» THE RECORDS
========================================================================

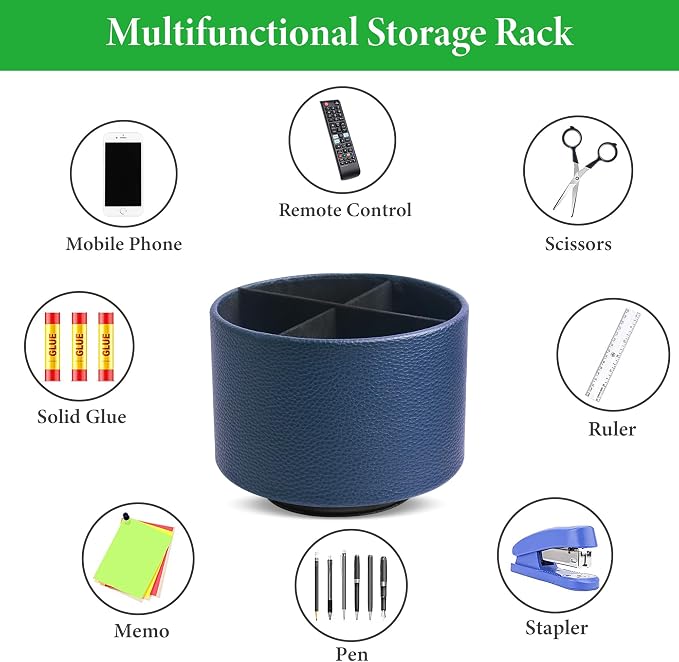 Round Leather Art Supply Organizer,Remote Control Holder,360 Degree Spinning,Multi-Functional Pencil Holder,4 Compartments Desktop Stationary Organizer(1-Lichee Blue)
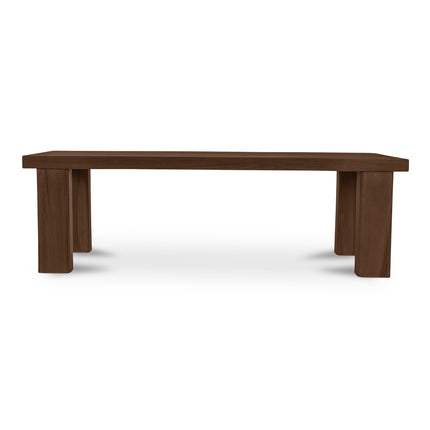 Dining Bench, Rectangular Solid Teak Slatted Seat, Seats 3, Brown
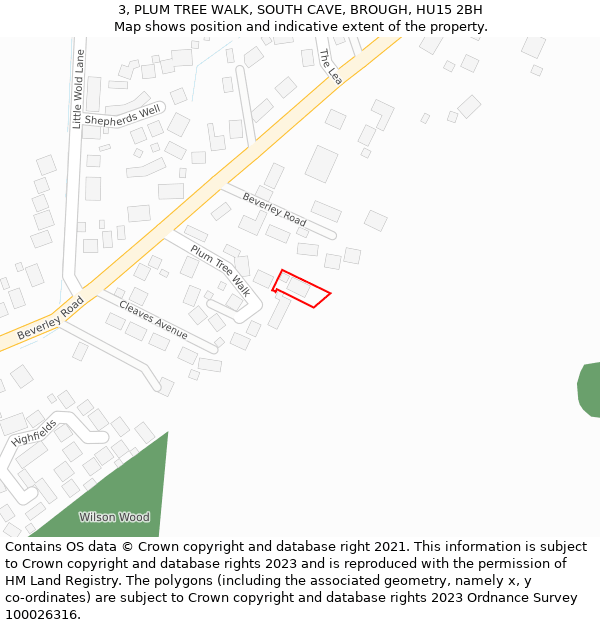 3, PLUM TREE WALK, SOUTH CAVE, BROUGH, HU15 2BH: Location map and indicative extent of plot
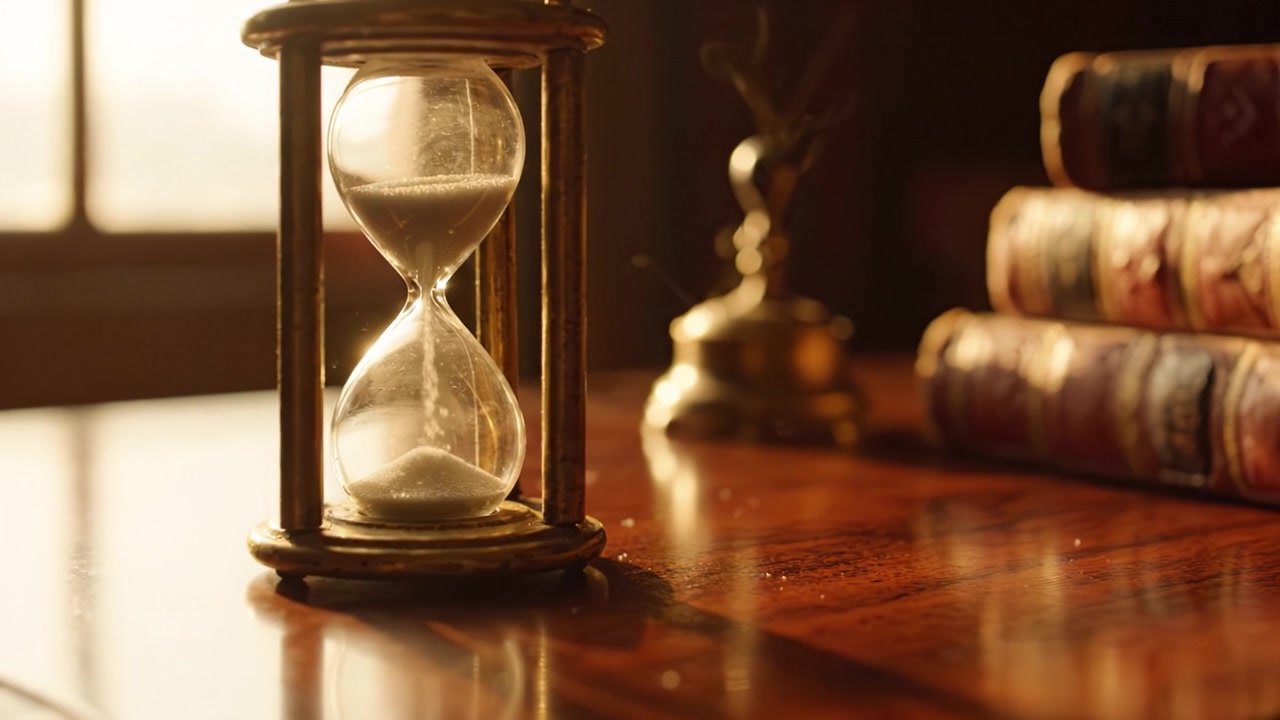 Una clessidra elegante che cattura il tempo con luce naturale e riflessi, circondata da libri antichi su un tavolo di legno lucidato in una stanza accogliente.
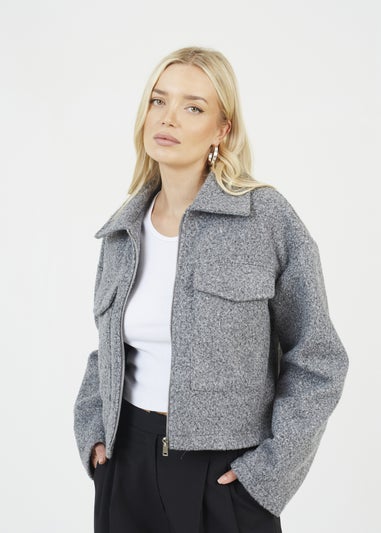 Brave Soul Grey Boucle Faux Wool Jacket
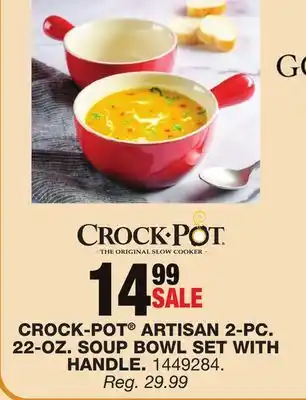 Blain's Farm & Fleet Crock-pot artisan 2-pc. 22-oz. soup bowl set with handle offer
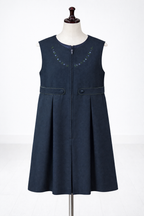 小学校受験用ジャンパースカートグリーン（小花刺繍）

========================================================================

All the data above is to be transcribed exactly, with no pictures included.

» THE ANSWER
 Round Leather Art Supply Organizer,Remote Control Holder,360 Degree Spinning,Multi-Functional Pencil Holder,4 Compartments Desktop Stationary Organizer(1-Lichee Blue)
 Dining Bench, Rectangular Solid Teak Slatted Seat, Seats 3, Brown
 3, PLUM TREE WALK, SOUTH CAVE, BROUGH, HU15 2BH: Location map and indicative extent of plot
 Una clessidra elegante che cattura il tempo con luce naturale e riflessi, circondata da libri antichi su un tavolo di legno lucidato in una stanza accogliente.
 Brave Soul Grey Boucle Faux Wool Jacket
 Blain's Farm & Fleet Crock-pot artisan 2-pc. 22-oz. soup bowl set with handle offer
 小学校受験用ジャンパースカートグリーン（小花刺繍）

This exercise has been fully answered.